Activity
Find the line with "Escova com vapor para pets" in the data below. Repeat it and every line after it exactly, but not the pictures.

Listed records
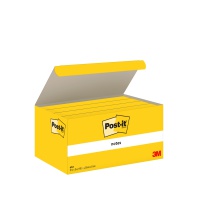 Karteczki POST-IT®, klasyczne, 38x51mm, 3x100 kart., żółte, Bloczki samoprzylepne, Papier i etykiety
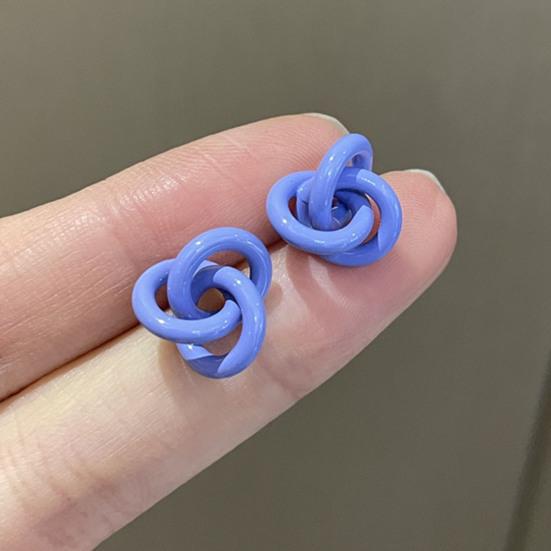 1 Paar baumelnde Ohrringe, einfache geometrische Ohrstecker mit lila Blumen und Herzen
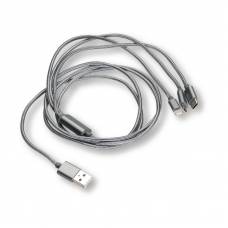 Зярядный кабель 3 в 1 MicroUSB | Lightning | USB Type-C  Berner 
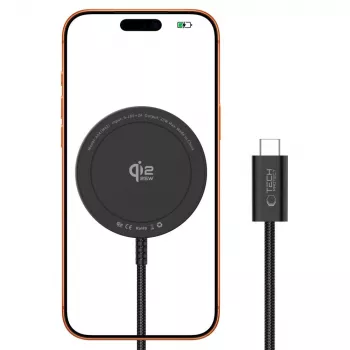TECH-PROTECT A54 magnetni MagSafe brezžični polnilnik 25W Qi2.2 črn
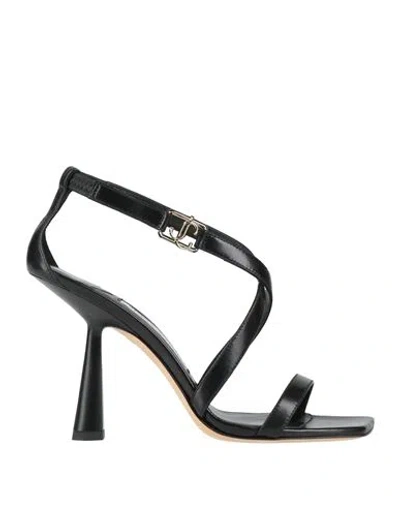 Jimmy Choo Woman Sandals Black Size 7.5 Leather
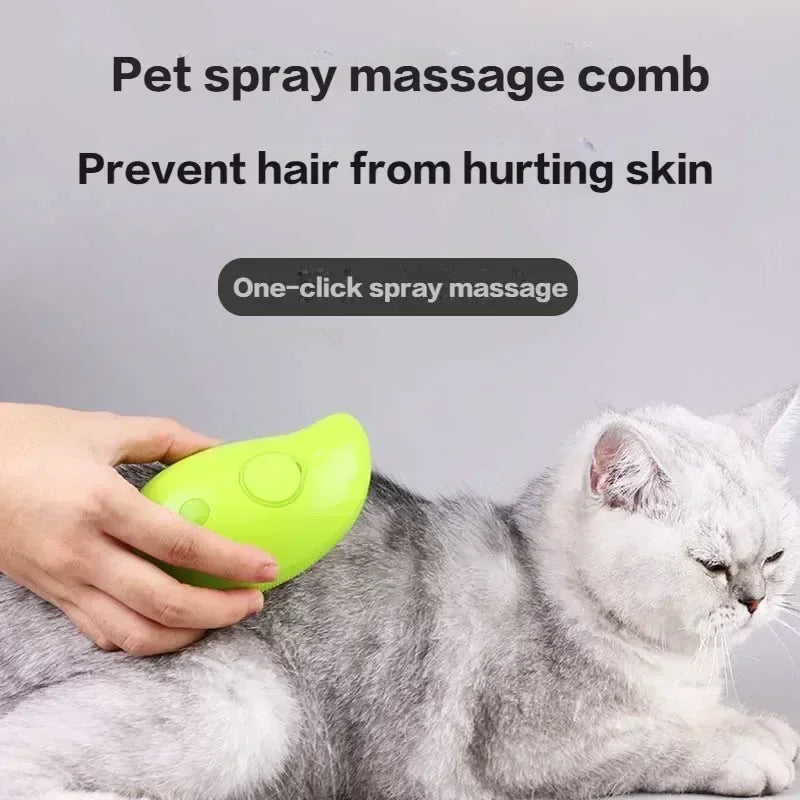 Escova com vapor para pets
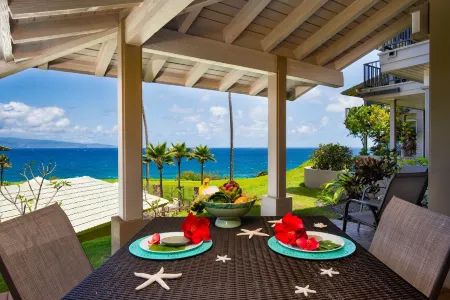 Kapalua Bay Vill 23G1 Ocean Front 1 Bd 1BA Villa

Result
 Escova com vapor para pets
 Kapalua Bay Vill 23G1 Ocean Front 1 Bd 1BA Villa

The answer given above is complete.